Lacking an explanation, then, Picnic at Hanging Rock, while telling a period piece in a time and a place almost none of us have experienced, still manages the magic quality of veracity; though the images are pretty and often poetic, it feels real, as we are forced to ponder similar incidents which have no explanation, no end, no matter where or when we may be. This was Peter Weir’s third crack at a feature film, and he demonstrates a remarkably sure hand at a tricky subject, ably aided by his actresses and one of the more remarkable physical locations that was just waiting to be discovered.
I said last week that I like to leave things on an upbeat note when possible, so I’ll finish up with another movie also packed with remarkable imagery, but one that I could understand and appreciate: Wings of Desire.
Wim Wenders, after the success of Paris, Texas had wanted to make a movie about Berlin, which was, at the time, still a city divided by the Wall. In trying to find a hook on which to rest this movie, he at one point hit upon the idea of guardian angels. And here it begins.
Bruno Ganz and Otto Sander are Damiel and Cassiel, two angels who watch and observe the people of Berlin. They can hear the thoughts of these people, but it is their lot to watch but not interfere. The most they can do is, with a touch, impart a bit of grace, a calm, a peace. It sometimes helps; sometimes it does not. The two are part of an apparent flight of angels in the city; one of the best sequences is Cassiel slowly walking through a library, luxuriating in the chorus of thoughts, nodding to his fellow angels, each at a person’s shoulder, observing. Wandering through the story is Homer (Curt Bois), an elderly writer, who may or may not be the original Homer, immortal and eternally pursuing and preserving the story of Man.

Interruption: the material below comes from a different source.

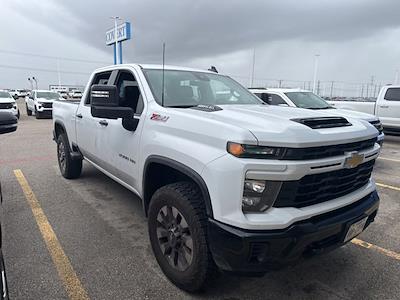 Used 2024 Chevrolet Silverado 2500 - photo 1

The thrust of the story concerns Damiel’s growing disenchantment with his angelic lot and a desire to become active, to, in short, become mortal. There are two things that drive this desire: a female trapeze artist (Solveig Dommartin) in a failing circus, whom Damiel first encounters complaining about the angel wings the Ringmaster wants her to wear; and an American actor (Peter Falk, playing Peter Falk), who can sense the angel’s presence, and tells him how good it can be on this side of existence.
The thematic touches are simple and glorious throughout; the angels’ world is black and white, only humans see in color. And perhaps the most striking scenery is provided by that Wall, which seemed so damned eternal in 1987. It is a frequent backdrop, covered in graffitti. When the angels walk through it to the Soviet side, the sight of those closely guarded walls so white and clean is shocking.
Hollywood, of course, sought to remake Wings of Desire after its success, and as usual sought to “improve” it. I’m not sure about the “improvement” part. City of Angels has much more of a three-act structure and solid through-line to it, but Wings of Desire, slipping in and out of Damiel’s quest, follow other threads, other people, manages to take an extraordinary, truly supernatural story, and make it feel more real that any number of movies built on carefully-studied Syd Field script models.
I really liked it, is what I’m saying. Am I missing anything Wim Wenders was trying to say? Does that matter? I liked the movie. I’m likely to tell other people to see the movie.
And really, that’s what this is all about.